I imagine that the real answer is that it's dynamically constructed every time, but that the tables are denormalized in such a way so as to make the thing less time-consuming. How would you build it?
I'm asking about any platform, of course, not only on .Net.
I would pull it dynamically from the database every time. I think this gives you the best result from a user experience and then I would apply the principal that premature optimization is evil. Later if there were performance issues I would look into caching.
I think doing it as a daemon/push process would actually result in more overall work being done. That is the updates would happen more frequently than the users are requesting the info.
Obviously, when an answer or comment is posted, you'll want to identify the user that should be informed in their responses tab. Then just add a row to a responses table containing the response text, timestamp, and the user to which it belongs. That way you can dynamically generate the tab with a simple
select * from responses where user=<userid> order by time desc limit 30
or something like that.
p.s. Extra credit to anyone that can write a query that will remove old responses - assume that each person should have the last 30 responses in their responses tab.
I expect that userid would be a natural option for the clustered index. If you have an "Active" boolean field then you don't need to worry much about locks; the table could be write-only except to update the (unindexed) Active column. I bet it already works that way, since it appears that everything is recoverable.
Don't need no stinking extra-credit response remover.

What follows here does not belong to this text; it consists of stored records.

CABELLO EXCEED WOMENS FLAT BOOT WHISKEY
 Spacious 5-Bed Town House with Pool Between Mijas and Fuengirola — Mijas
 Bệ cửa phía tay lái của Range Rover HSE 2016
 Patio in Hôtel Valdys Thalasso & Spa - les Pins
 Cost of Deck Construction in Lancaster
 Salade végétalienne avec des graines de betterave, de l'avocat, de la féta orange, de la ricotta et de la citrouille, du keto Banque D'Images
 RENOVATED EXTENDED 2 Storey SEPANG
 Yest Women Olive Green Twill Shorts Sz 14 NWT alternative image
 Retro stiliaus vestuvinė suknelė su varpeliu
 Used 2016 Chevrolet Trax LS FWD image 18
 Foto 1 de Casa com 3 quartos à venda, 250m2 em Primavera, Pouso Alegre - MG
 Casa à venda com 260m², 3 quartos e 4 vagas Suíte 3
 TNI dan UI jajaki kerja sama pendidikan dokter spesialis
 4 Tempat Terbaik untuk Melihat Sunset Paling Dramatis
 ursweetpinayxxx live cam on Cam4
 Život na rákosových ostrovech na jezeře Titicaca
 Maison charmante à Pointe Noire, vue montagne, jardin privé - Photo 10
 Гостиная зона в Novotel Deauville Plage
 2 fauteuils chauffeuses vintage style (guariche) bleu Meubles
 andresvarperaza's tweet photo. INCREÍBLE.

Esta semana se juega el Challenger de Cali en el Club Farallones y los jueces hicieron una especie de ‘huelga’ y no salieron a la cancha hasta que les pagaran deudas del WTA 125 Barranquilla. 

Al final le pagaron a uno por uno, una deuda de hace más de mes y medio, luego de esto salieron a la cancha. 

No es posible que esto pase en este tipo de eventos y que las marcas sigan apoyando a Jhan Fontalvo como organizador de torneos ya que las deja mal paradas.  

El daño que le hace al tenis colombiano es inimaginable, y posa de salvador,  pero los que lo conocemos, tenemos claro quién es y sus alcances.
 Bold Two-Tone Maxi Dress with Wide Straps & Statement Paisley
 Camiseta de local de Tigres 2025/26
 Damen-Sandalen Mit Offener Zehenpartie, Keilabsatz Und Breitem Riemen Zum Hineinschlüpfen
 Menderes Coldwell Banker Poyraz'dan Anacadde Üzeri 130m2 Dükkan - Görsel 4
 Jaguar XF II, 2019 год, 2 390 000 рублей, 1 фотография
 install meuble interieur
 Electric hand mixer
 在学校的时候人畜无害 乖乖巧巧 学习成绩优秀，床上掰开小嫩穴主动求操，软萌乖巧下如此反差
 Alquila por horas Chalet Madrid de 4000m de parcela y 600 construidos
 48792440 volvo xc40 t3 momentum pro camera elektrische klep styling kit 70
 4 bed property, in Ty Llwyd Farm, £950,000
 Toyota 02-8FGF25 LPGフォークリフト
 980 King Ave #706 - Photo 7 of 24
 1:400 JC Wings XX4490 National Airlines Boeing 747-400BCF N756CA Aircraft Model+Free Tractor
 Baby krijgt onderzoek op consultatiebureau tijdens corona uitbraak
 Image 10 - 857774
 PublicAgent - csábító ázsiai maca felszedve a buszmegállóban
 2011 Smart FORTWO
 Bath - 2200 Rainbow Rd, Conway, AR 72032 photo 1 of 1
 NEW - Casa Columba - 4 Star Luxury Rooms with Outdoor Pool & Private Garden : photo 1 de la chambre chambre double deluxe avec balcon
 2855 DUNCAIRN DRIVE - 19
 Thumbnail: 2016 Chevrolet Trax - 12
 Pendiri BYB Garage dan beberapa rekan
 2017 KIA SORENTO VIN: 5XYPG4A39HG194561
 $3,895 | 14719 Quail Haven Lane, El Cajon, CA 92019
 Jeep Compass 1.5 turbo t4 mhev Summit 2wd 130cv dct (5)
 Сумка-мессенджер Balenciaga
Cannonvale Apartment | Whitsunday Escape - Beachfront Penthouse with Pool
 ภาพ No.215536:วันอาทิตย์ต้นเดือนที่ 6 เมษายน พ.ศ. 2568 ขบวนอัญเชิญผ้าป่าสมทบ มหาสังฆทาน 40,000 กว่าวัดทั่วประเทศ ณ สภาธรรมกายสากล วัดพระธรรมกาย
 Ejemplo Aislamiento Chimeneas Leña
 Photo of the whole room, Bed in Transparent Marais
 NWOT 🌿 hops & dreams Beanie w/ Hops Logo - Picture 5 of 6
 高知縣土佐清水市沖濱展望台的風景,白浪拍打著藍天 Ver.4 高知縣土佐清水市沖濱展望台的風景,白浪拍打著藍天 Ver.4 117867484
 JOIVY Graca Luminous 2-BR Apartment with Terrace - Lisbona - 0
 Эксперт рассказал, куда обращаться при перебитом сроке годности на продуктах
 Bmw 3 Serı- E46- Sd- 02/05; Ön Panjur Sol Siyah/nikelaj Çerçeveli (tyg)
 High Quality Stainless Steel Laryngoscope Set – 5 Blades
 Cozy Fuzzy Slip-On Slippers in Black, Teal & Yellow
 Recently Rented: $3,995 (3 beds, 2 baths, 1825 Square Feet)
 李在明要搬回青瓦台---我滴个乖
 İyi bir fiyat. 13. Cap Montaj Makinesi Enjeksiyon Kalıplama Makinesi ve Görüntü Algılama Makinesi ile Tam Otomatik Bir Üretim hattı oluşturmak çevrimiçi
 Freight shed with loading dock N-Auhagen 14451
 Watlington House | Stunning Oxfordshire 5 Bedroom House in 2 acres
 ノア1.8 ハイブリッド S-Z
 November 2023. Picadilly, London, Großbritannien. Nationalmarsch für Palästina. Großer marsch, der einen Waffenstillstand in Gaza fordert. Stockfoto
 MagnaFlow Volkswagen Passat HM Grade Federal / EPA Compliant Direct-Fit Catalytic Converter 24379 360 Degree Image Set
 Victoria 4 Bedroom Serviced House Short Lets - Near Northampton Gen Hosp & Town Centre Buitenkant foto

I would assume this is denormalized in the database. The Comment table probably has both and answer_id and an answer_uid so the SQL to find comments on you answers just run against the comment table. The same setup would work on the Answer table. Each answer has a question_id and a question_uid.
Having said that, these are probably the same table and you have response_to_id and response_to_uid and that makes lots of code simpler and makes the "recent" tab a single select as well. In fact the difference between the two selects is one uses the uid and one uses the response_to_uid.
I'd say that your UI and your database should both be driven by your Application Domain; so they will reflect each other based on their common provenance there.
Some quick notes to illustrate, using simplified Object Role Modeling as discussed by Fowler et al.
Entities
Users
Questions
Answers
Comments
Entity Roles
(Note: In Object Role Modeling, most Roles are reflexive. Some, e.g. booleans here, are monopolar)
Question has User
Question has QuestionVersions
Question as Answers
Question has Comments
Answer has AnswerVersions
Answer has Comments
Question has User
QuestionVersion has Text
QuestionVersion has Timestamp
QuestionVersion has IsDeleted (could be inferred from nonNULL timestamp eg)
QuestionVersion has DeltedByUser
QuestionVersion has DeletedTimestamp
Answer has User
AnswerVersion has Text
AnswerVersion has Timestamp
AnswerVersion has IsDeleted
AnswerVersion has DeltedByUser
AnswerVersion has DeletedTimestamp
Comment has Text
Comment has User
Comment has Timestamp
Comment IsDeleted (boolean)
(note - no versions on comments)
I think that's the basics. These assertions drive ERDs in ORM. Hopefully it's self-evident how they drive the User Stories as well.
I don't think an implementation of a normalized design like this would require denormalization - especially since I think it's clear (from behavior) that queries => UI displays are cached to be refreshed 1X per minute.